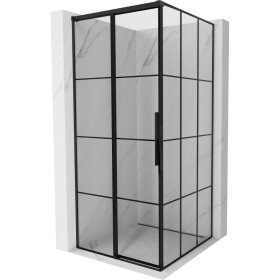 MEXEN/S - Rox sprchový kout posuvný levá 90 x 90, černá kratka, černá 8C2-090-090-70-77-L
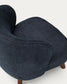 Poltrona Ulit in ciniglia blu-grigio e gambe in legno massiccio di frassino con finitura color noce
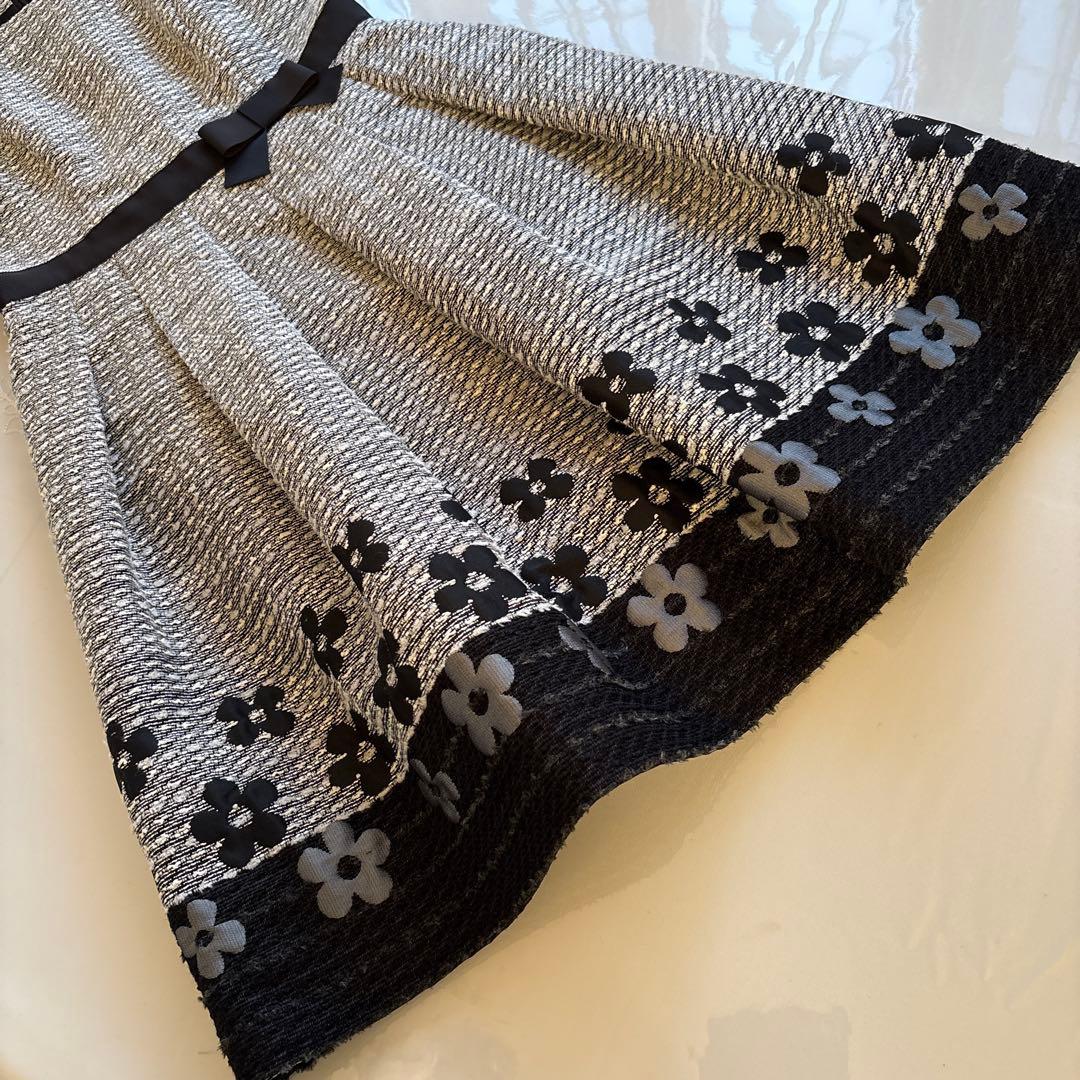 エムズグレイシー　袖ニットウエストグログランリボンお花柄モチーフワンピース 38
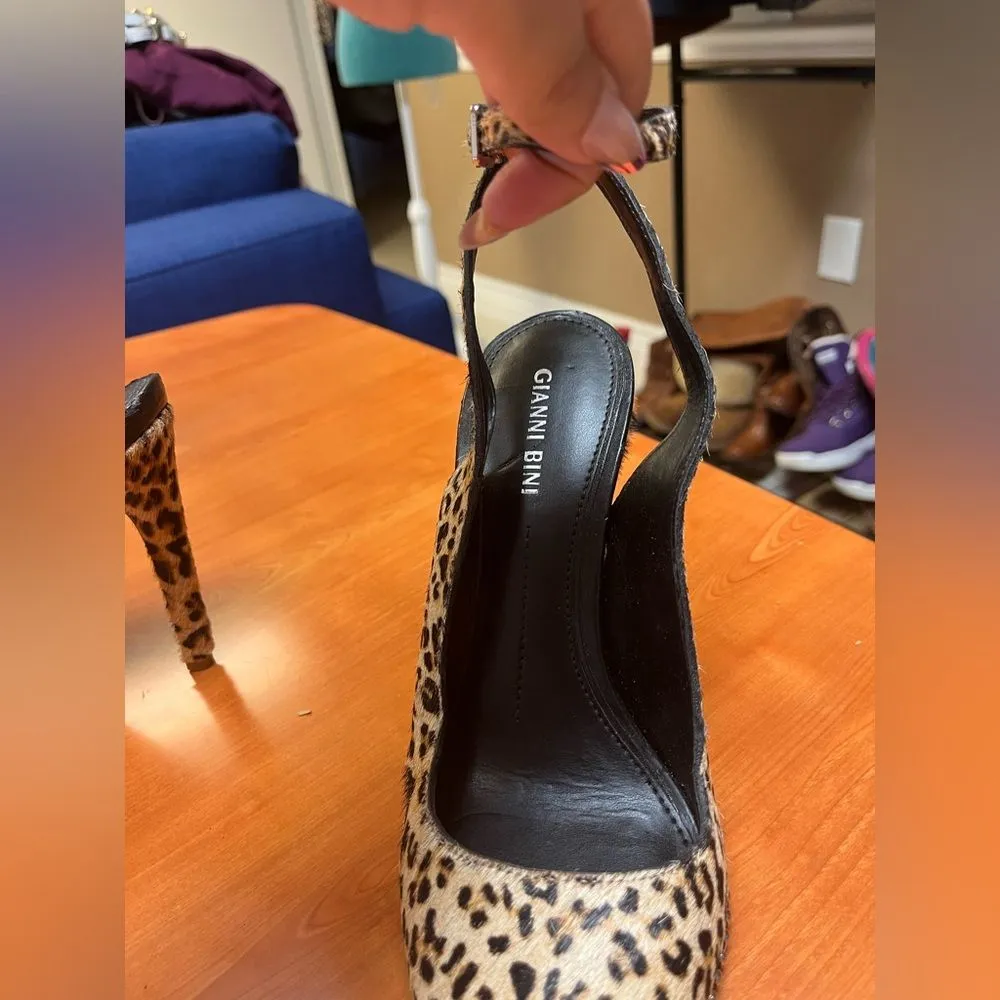 Gianni Bini Pumps Renatay Leopard‎ Calf Hair Studded Ankle Strap Heels Size 8.5M - Image 11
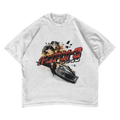 White Burnout 3 (バーンアウト 3) graphic t-shirt with Japanese retro racing print, front view — Cellar Door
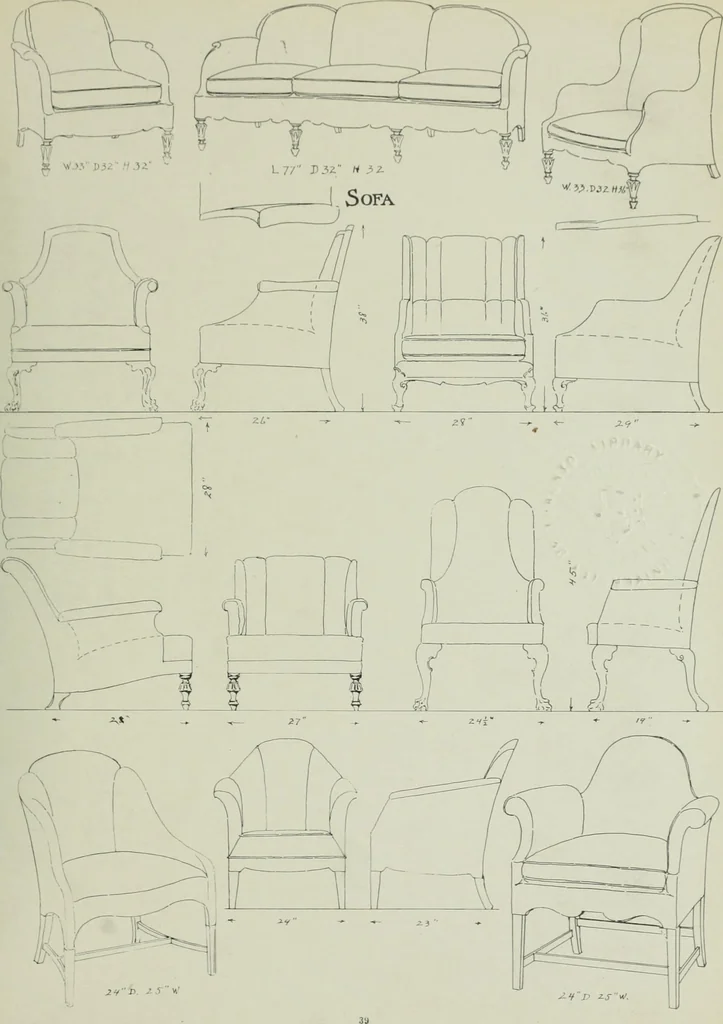 An illustration from Furniture for to-day and to-morrow, with details, scale drawings, and pen and ink sketches, 1900, leaf 81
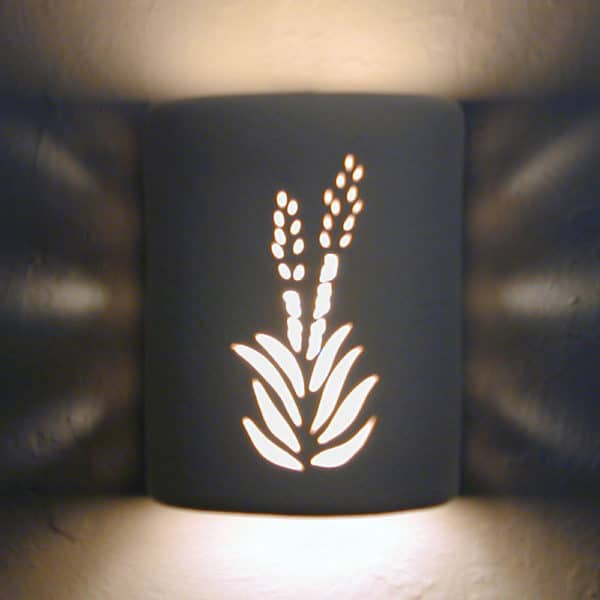 9" Wall Light-Yucca-Open Top Half Round-Tan-Indoor-Outdoor - Image 2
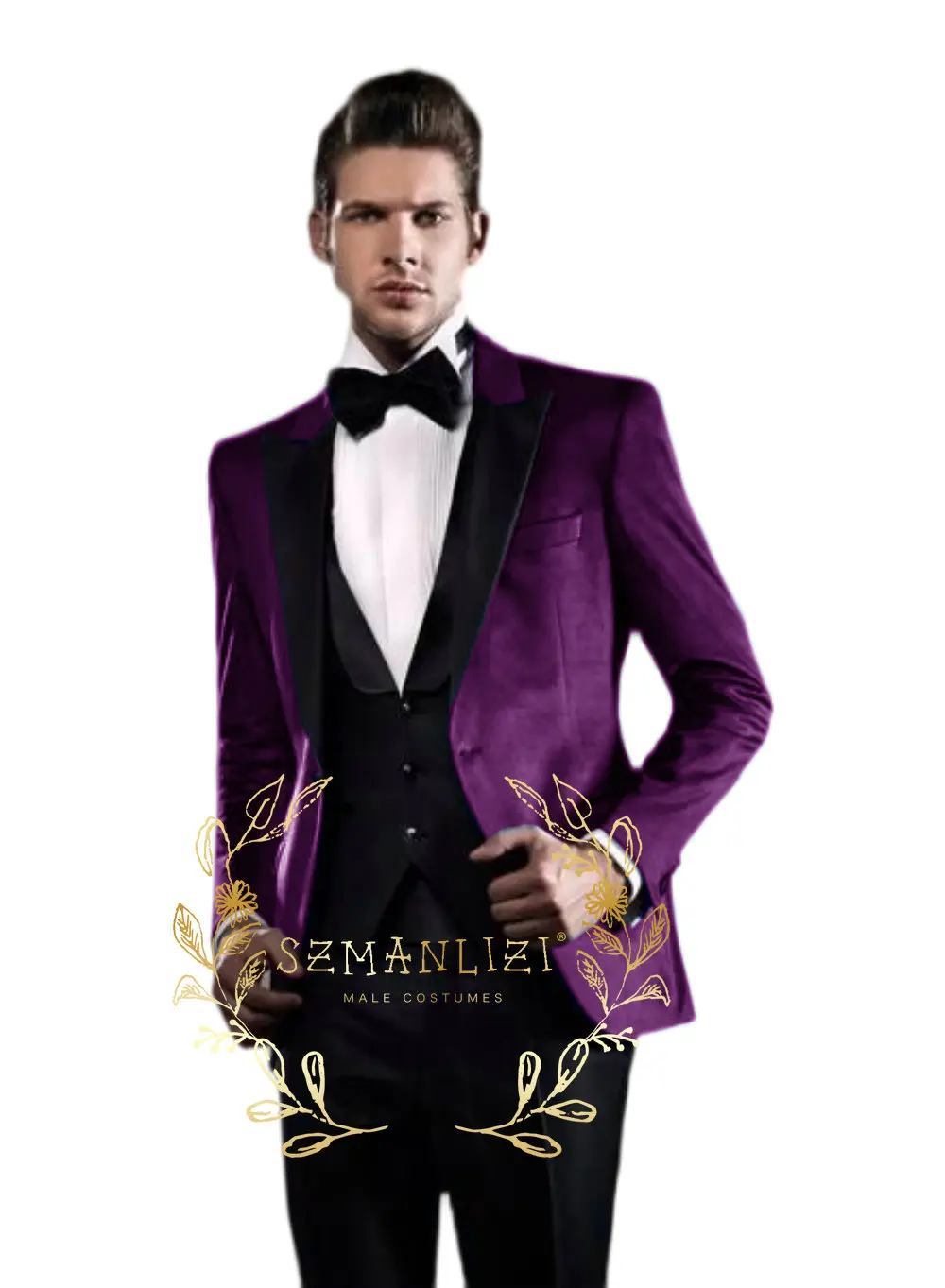 Slim Fit Mens Suits Groom Tuxedos For Wedding Custom Made Party Gold Velvet Smoking Jacket Pants Vest Male Fashion Costume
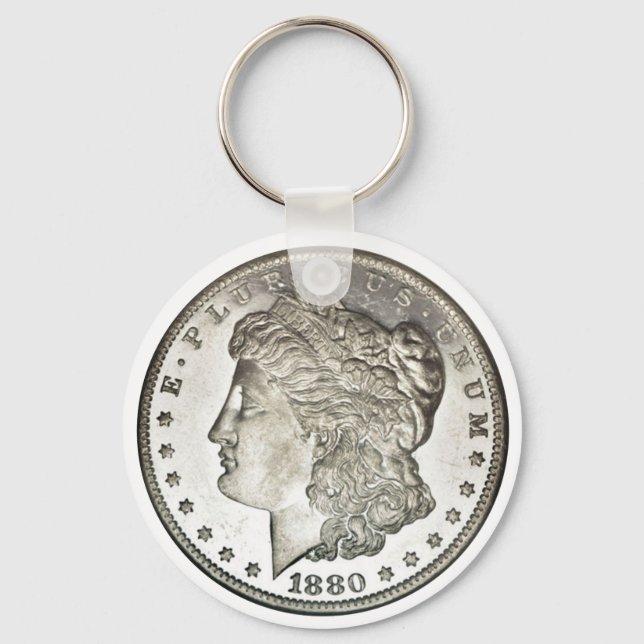 Morgan Silver Dollar Image on Keychain (Front)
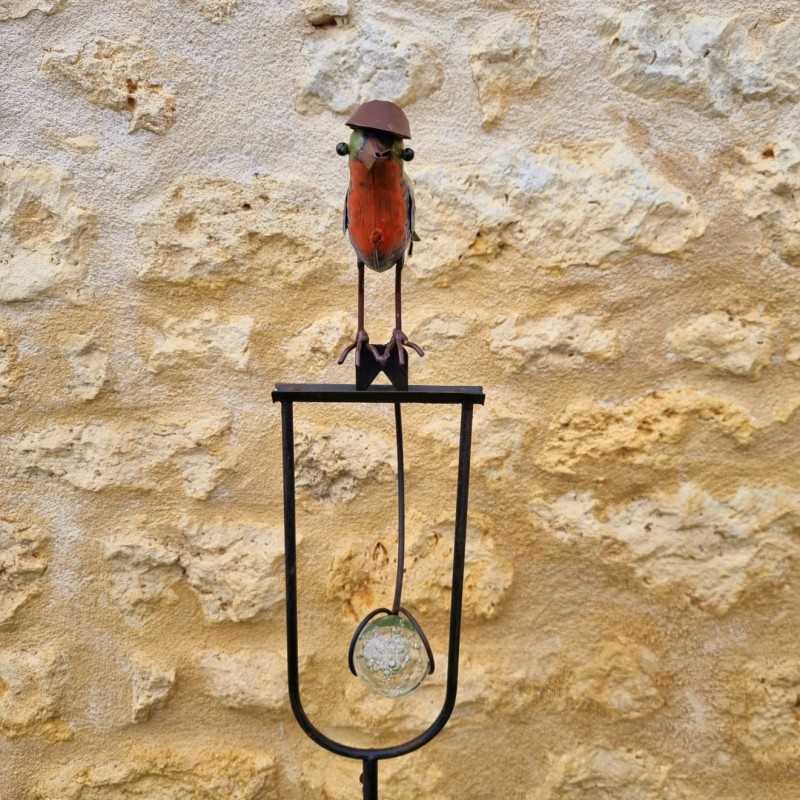 Bilanciere, sostegno in metallo e vetro con uccellino e cappello
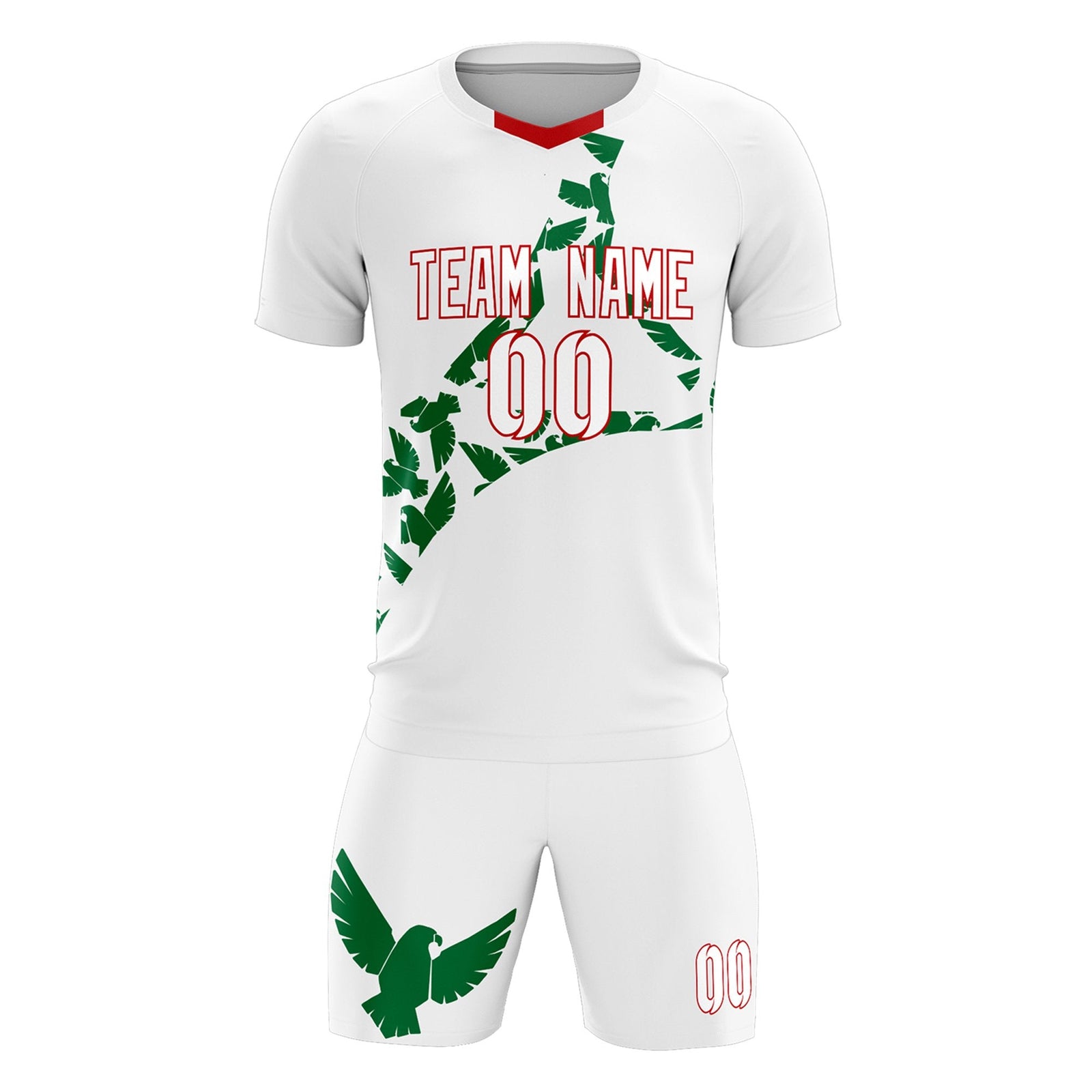 Custom White Kelly Green Mexico Eagle World Cup Inspired Drapable Graffiti Pattern Soccer Sets Jersey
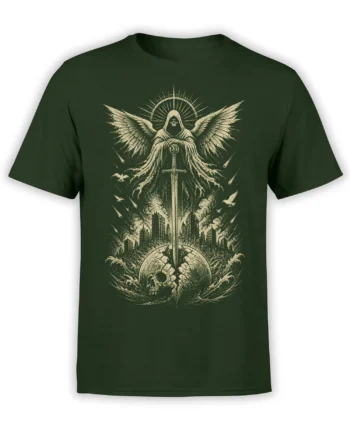 Hooded winged angel with a sword above a ruined city and cracked planet on a green T-shirt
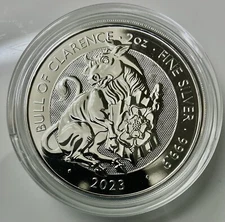 2023 Royal Tudor Beasts Bull of Clarence 2 oz Silver Coin in direct fit capsule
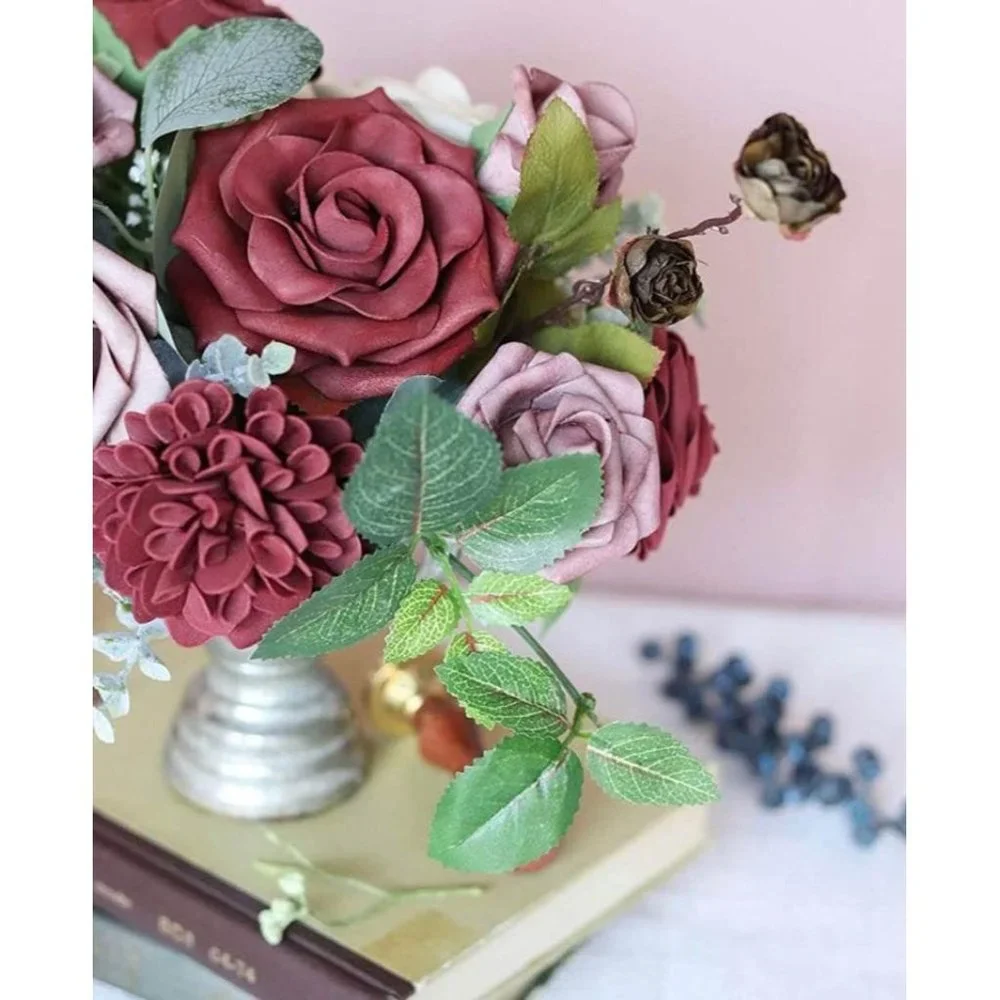 24 count Burgundy Hydrangeas Dusty Rose Flowers Pink Blush Bouquet Centerpiece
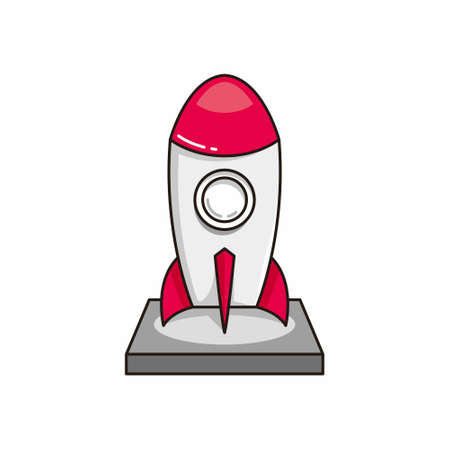 rocket toy cartoon illustation design vectorのイラスト素材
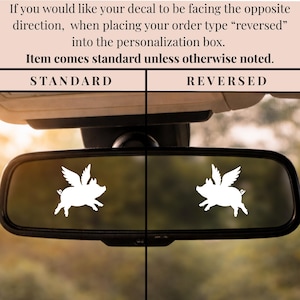 Instructional image showing standard vs reversed decal orientation on a car rearview mirror, explaining how to request reversed direction when ordering.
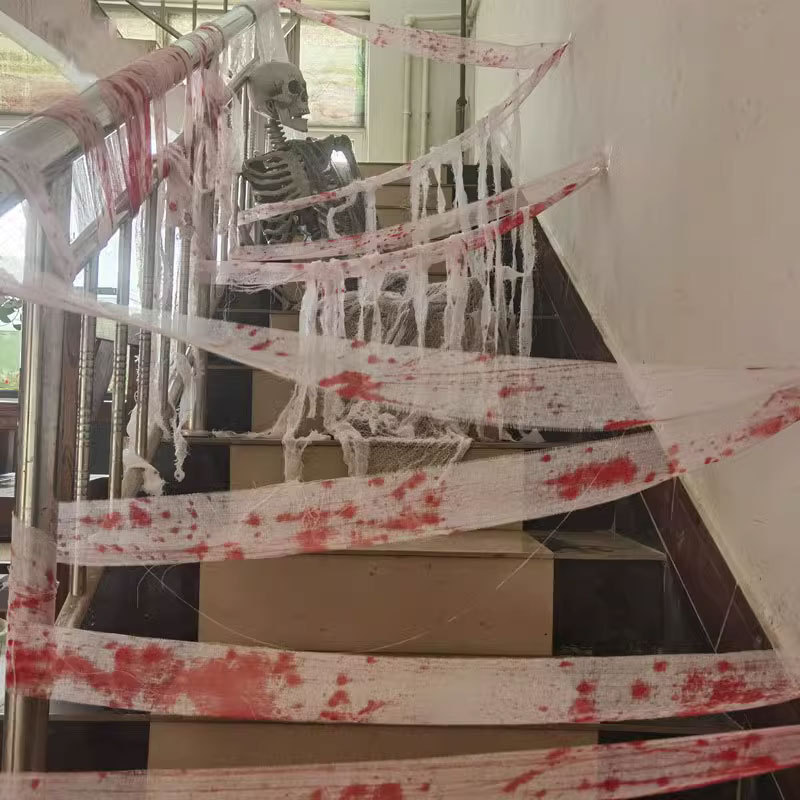 Blood Splattered Cheesecloth Fabric – Aged Red Stained Gauze Roll for Halloween Party Prop, Horror Scene Decoration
────────────────
### PROBLEM DESCRIPTION
Starting at the first line of the data, set down each line exactly until you have copied the line with "Round-Tan-Indoor-Outdoor - Image 2", but leave the pictures out.

### EXPECTED OUTPUT
 MEXEN/S - Rox sprchový kout posuvný levá 90 x 90, černá kratka, černá 8C2-090-090-70-77-L
 Poltrona Ulit in ciniglia blu-grigio e gambe in legno massiccio di frassino con finitura color noce
 エムズグレイシー　袖ニットウエストグログランリボンお花柄モチーフワンピース 38
 Gianni Bini Pumps Renatay Leopard‎ Calf Hair Studded Ankle Strap Heels Size 8.5M - Image 11
 White Burnout 3 (バーンアウト 3) graphic t-shirt with Japanese retro racing print, front view — Cellar Door
 An illustration from Furniture for to-day and to-morrow, with details, scale drawings, and pen and ink sketches, 1900, leaf 81
 9" Wall Light-Yucca-Open Top Half Round-Tan-Indoor-Outdoor - Image 2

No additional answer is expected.